South and Central Asia
Sri Lanka Holds Presidential Election
Sri Lankans will vote tomorrow (Guardian) in a presidential contest pitting the ruling United National Party’s Sajith Premadasa, who currently leads in polls, against former Defense Secretary Gotabaya Rajapaksa.
 
Pakistan: Anti-government protesters from a right-wing religious party concluded a thirteen-day sit-in in Islamabad and have shifted their strategy to blocking roads (Dawn) across the country.

 

Middle East and North Africa
Egypt, UAE to Launch $20 Billion Investment Platform
The joint initiative is part of Egypt’s efforts to boost its economy through private-sector growth (Bloomberg). Cairo is in talks with the International Monetary Fund as it nears the end of a three-year loan agreement.
 
Iran: At least twenty-eight Afghan nationals died in a van crash (BBC) in a part of southeastern Iran known for human smuggling, according to Iranian state media.

 

Sub-Saharan Africa
Kenya, Somalia Restore Ties
The neighboring countries agreed to normalize bilateral relations (Reuters) after a monthslong rift over oil rights in the Indian Ocean during which they stopped issuing visas for each other’s citizens.
 
Nigeria: Benin, Niger, and Nigeria will form a joint border security initiative (Reuters) to combat smuggling, the countries’ foreign ministers said after meeting in Abuja. The measure could lead Nigeria to resume trade at its land borders, which has been suspended since last month.

 

Europe
Germany Makes Measles Vaccine Mandatory
A new law will require children and staff at schools and medical and community centers to get the vaccine (DW) beginning in March 2020.
 
CFR looks at the rise in measles outbreaks and the threat of the anti-vaccination movement.
 
EU: The European Union’s main public lending institution announced it will stop funding fossil fuel projects (BBC) after 2021. Any projects that the bloc invests in after that must emit less than 250 grams of carbon dioxide for every kilowatt hour of energy produced.

 

Americas
Chileans to Vote on New Constitution
Lawmakers agreed to an April 2020 plebiscite (AFP) on whether the constitution should be replaced and, if so, how it should be drafted, the head of the Senate said.
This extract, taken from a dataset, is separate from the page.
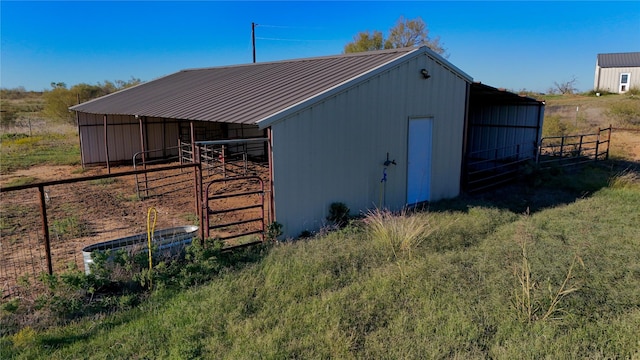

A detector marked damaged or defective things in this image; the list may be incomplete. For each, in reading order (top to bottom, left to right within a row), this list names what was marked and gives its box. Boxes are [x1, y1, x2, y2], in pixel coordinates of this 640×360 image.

Voter participation in a new constitution has been a main demand of protesters.
 
Bolivia: New Senate President Monica Eva Copa Murga, a member of former President Evo Morales’s party, said lawmakers agreed to hold new elections (Reuters). Jeanine Anez, an opposition senator who declared herself the country’s interim president this week, said that Morales cannot be a candidate.
 
CFR lays out what to know about Bolivia’s power vacuum.

 

United States
Two Dead in California School Shooting
A sixteen-year-old student at a high school north of Los Angeles killed two other students (WaPo) and wounded three before shooting himself, authorities said. It is at least the seventh shooting at a U.S. school so far this academic year.
Friday Editor’s Pick
The Los Angeles Times looks at the environmental catastrophe the United States left behind on the Marshall Islands decades after conducting dozens of nuclear tests there.